Control Systems
The department Aeroelastic Control Systems researches novel functions and algorithms, as well as new underlying methods for control design and verification. Examples include functions to reduce gusts and maneuver loads, active flutter suppression, and structural damping to increase passenger comfort. Control design focuses on both the overall process (based on principles of systems engineering - from requirement specification to implementation and testing) and highly automated fast synthesis methods as part of the overarching aircraft design process. Multi-objective parameter optimization and modern control engineering methods form an important basis. We validate new functions and methods in wind tunnel tests, as well as on manned and unmanned flight test demonstrators.
The core of such functions is nearly always based on closed-loop control. This means that control commands are continuously calculated and applied to the aircraft based on the current aircraft and airframe state as registered by sensors (like accelerometers). Feedback elegantly allows the effective integration of individual components that may have uncertain behavior are may be subject to disturbances, into effective functions.

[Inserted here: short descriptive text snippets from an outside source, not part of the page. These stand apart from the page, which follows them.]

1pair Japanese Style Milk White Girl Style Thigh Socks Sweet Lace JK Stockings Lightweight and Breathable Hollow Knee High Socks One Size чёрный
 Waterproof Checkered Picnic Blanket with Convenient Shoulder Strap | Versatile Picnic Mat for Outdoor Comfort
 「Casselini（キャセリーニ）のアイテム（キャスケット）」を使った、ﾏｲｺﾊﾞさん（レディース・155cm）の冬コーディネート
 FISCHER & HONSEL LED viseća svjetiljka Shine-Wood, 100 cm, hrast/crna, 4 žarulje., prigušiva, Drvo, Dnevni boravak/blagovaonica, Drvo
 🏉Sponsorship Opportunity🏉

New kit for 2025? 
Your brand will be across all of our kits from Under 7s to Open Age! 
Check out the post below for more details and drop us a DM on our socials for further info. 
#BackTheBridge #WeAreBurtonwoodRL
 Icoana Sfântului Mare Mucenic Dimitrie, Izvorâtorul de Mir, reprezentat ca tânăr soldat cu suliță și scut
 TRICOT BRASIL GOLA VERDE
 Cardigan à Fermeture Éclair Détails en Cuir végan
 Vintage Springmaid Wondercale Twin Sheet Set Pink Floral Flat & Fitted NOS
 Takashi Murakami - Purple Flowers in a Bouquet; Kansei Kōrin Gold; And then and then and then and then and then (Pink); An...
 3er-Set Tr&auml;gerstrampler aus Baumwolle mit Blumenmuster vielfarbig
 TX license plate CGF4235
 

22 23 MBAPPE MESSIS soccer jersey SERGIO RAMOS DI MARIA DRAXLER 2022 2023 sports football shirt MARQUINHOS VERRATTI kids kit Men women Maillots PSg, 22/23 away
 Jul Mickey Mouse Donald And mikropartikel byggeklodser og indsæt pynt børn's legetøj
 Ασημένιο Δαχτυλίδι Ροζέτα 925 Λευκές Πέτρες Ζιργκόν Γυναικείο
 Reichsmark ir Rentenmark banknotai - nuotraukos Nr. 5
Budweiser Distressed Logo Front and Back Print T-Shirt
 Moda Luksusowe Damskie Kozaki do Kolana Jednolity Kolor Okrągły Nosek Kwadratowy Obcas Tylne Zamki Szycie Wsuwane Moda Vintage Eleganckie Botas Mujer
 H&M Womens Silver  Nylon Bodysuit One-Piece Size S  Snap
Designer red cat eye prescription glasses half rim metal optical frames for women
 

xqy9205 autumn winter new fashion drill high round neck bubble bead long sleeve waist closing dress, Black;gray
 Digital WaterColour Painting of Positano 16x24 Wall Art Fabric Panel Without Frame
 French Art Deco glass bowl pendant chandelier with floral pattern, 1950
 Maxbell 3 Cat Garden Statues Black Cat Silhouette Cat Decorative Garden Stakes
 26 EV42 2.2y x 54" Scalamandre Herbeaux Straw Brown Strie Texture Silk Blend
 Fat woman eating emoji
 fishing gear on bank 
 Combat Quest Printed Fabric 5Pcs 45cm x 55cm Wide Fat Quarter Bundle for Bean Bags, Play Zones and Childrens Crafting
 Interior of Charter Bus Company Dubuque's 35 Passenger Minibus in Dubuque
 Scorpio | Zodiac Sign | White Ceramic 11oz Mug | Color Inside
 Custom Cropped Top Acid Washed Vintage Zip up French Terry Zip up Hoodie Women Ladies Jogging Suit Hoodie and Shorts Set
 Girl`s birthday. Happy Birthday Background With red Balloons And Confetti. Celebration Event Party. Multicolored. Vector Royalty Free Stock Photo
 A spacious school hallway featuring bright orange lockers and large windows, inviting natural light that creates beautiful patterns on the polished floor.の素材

The dynamics and equilibrium of a system (in this case, the aircraft structure) are positively influenced.
On the other hand, however, this feedback can quickly lead to unstable system behavior, excessively load system components, push actuators and sensors to their limits, or bring the entire system into dangerous states. If components fail, reconfiguration is often necessary. Finding suitable compromise solutions makes the design of control algorithms an exciting and challenging task.
For the actual design, the field of control engineering has an ever-growing range of methods and tools for evaluating and synthesizing dynamic systems. Some methods are generally valid, others are suitable for special classes of systems (for example, systems that record very nonlinear behavior).
Our department, which cooperates closely with neighboring departments at the Institute of Flight Systems Technology and the Institute of System Architectures in Aviation, is dedicated to the further development of control engineering methods and tools. We focus particularly on applications that improve the dynamic behavior of the aircraft from an aeroelastic point of view. Expected loads are a dimensioning factor in the design of the aircraft structure. With the help of control functions, these loads can be significantly reduced, which allows the structure to be dimensioned lighter. It is also very important that a high level of reliability and safe integration into the overall flight control system are guaranteed.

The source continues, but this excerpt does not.